What this task involves → Everything from the line containing "Usata BMW 318" through the line containing "Fuse: fuse |" should be repeated exactly, and nothing else from the data.

Data excerpts →
-*-*-
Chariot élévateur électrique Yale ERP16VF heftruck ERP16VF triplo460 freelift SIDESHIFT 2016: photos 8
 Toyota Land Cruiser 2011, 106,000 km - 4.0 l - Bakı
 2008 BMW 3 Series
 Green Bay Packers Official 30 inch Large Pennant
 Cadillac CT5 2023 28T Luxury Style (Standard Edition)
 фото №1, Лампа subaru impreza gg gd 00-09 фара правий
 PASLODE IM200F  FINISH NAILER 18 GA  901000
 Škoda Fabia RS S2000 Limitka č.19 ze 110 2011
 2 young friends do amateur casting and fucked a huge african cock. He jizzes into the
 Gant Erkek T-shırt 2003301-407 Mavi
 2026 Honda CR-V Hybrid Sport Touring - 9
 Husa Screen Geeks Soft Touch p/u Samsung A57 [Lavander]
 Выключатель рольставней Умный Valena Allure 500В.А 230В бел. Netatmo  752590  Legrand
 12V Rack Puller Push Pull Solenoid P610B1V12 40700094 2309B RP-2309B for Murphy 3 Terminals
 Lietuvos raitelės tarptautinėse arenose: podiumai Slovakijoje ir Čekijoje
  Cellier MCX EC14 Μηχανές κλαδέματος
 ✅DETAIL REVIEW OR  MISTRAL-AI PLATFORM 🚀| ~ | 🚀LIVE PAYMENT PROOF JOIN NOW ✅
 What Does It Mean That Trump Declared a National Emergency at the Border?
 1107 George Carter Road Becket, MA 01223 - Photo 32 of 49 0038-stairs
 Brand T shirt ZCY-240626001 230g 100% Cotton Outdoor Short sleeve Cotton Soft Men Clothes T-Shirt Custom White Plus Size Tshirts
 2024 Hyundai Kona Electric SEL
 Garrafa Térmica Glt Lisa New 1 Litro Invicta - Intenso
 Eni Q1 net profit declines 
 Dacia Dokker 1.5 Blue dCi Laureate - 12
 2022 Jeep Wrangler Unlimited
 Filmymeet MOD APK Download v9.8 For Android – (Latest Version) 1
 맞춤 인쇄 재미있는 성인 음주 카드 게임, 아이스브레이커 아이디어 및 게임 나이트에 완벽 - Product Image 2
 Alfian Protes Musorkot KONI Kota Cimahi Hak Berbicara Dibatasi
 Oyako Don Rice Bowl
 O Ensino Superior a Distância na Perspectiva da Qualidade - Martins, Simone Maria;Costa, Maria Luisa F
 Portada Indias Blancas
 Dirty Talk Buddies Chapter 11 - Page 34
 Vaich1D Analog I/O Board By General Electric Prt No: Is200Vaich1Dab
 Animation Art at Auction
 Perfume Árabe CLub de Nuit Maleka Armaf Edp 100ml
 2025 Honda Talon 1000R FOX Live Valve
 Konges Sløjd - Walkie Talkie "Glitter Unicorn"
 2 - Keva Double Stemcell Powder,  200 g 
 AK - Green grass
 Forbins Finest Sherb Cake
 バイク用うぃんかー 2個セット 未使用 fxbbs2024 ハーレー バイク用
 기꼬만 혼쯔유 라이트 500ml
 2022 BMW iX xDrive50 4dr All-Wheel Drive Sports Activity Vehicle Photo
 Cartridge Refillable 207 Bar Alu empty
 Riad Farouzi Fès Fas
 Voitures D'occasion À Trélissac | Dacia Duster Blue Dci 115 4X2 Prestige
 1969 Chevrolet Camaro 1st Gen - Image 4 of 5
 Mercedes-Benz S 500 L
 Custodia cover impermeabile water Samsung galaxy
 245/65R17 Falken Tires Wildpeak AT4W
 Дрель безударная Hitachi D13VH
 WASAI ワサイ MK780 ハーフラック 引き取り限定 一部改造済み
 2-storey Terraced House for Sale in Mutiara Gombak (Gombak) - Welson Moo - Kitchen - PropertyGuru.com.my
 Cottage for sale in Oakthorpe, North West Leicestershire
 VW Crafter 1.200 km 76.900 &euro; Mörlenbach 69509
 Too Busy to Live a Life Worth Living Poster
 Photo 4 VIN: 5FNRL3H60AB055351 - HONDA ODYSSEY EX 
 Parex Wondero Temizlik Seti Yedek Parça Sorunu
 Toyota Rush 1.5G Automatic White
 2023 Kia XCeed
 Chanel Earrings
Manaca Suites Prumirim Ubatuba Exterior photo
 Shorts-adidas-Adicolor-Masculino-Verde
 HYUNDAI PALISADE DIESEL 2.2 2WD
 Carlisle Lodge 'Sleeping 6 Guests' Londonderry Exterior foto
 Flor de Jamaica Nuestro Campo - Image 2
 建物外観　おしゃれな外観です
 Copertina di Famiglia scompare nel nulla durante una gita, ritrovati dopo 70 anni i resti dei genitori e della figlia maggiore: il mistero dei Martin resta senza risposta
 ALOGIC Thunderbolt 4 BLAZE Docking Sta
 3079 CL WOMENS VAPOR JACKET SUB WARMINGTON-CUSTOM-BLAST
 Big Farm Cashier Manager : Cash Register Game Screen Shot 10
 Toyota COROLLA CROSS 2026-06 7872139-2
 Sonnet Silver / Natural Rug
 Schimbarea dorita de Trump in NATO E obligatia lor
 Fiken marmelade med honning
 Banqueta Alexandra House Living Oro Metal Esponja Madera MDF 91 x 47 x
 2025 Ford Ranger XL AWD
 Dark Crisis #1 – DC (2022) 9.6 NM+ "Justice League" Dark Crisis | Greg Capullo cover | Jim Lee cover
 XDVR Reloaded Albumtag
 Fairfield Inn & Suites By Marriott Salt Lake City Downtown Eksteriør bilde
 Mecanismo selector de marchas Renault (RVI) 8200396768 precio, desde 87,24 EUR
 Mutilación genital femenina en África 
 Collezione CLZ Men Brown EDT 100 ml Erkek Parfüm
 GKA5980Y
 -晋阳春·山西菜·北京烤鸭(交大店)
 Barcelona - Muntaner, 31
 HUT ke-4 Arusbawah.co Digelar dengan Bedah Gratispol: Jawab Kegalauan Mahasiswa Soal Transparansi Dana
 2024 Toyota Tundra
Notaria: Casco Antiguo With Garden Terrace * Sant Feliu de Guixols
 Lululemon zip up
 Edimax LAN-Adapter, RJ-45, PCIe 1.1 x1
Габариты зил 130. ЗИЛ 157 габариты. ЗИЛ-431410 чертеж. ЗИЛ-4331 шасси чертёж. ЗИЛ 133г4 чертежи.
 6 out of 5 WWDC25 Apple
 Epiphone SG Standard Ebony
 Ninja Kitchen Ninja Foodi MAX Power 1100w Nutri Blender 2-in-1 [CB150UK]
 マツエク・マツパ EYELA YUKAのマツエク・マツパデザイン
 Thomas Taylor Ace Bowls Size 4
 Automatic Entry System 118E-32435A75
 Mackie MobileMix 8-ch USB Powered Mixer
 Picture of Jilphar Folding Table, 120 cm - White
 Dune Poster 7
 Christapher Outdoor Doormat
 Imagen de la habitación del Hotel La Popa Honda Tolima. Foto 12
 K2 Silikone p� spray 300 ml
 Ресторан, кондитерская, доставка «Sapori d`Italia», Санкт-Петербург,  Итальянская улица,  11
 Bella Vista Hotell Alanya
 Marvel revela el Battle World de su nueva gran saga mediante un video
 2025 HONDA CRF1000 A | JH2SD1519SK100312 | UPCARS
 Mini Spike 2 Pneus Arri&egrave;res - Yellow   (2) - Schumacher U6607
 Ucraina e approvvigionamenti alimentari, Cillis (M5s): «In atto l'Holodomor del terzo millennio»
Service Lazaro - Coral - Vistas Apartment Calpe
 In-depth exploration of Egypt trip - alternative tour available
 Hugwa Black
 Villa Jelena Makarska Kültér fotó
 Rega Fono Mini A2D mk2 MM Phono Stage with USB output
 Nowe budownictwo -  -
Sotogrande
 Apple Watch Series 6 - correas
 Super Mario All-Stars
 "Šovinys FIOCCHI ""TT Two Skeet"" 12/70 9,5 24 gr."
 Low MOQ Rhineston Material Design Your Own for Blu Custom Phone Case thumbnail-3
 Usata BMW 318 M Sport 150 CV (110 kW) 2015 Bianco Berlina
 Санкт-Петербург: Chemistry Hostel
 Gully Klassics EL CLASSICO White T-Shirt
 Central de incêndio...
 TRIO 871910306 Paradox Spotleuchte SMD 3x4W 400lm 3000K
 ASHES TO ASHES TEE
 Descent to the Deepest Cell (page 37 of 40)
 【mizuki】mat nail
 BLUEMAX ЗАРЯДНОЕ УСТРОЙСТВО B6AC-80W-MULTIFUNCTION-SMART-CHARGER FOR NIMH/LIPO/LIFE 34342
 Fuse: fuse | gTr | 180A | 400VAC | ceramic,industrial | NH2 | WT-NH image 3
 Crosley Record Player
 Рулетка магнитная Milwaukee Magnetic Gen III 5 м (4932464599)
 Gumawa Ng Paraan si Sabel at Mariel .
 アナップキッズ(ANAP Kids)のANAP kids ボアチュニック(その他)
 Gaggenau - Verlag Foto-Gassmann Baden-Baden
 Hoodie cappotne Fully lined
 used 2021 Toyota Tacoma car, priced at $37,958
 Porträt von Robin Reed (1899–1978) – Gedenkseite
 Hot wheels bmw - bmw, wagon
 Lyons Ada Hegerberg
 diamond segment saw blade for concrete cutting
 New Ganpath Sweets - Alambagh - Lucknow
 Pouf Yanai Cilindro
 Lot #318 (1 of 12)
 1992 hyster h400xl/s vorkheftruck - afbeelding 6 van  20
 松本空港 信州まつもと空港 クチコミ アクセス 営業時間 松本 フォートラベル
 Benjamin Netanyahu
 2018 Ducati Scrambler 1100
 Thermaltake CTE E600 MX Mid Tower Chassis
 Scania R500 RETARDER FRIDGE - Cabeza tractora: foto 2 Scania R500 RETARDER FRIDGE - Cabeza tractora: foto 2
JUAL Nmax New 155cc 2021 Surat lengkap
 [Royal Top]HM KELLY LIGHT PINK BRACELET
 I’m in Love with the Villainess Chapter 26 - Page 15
-*-*-
Answer to this problem →
 Usata BMW 318 M Sport 150 CV (110 kW) 2015 Bianco Berlina
 Санкт-Петербург: Chemistry Hostel
 Gully Klassics EL CLASSICO White T-Shirt
 Central de incêndio...
 TRIO 871910306 Paradox Spotleuchte SMD 3x4W 400lm 3000K
 ASHES TO ASHES TEE
 Descent to the Deepest Cell (page 37 of 40)
 【mizuki】mat nail
 BLUEMAX ЗАРЯДНОЕ УСТРОЙСТВО B6AC-80W-MULTIFUNCTION-SMART-CHARGER FOR NIMH/LIPO/LIFE 34342
 Fuse: fuse | gTr | 180A | 400VAC | ceramic,industrial | NH2 | WT-NH image 3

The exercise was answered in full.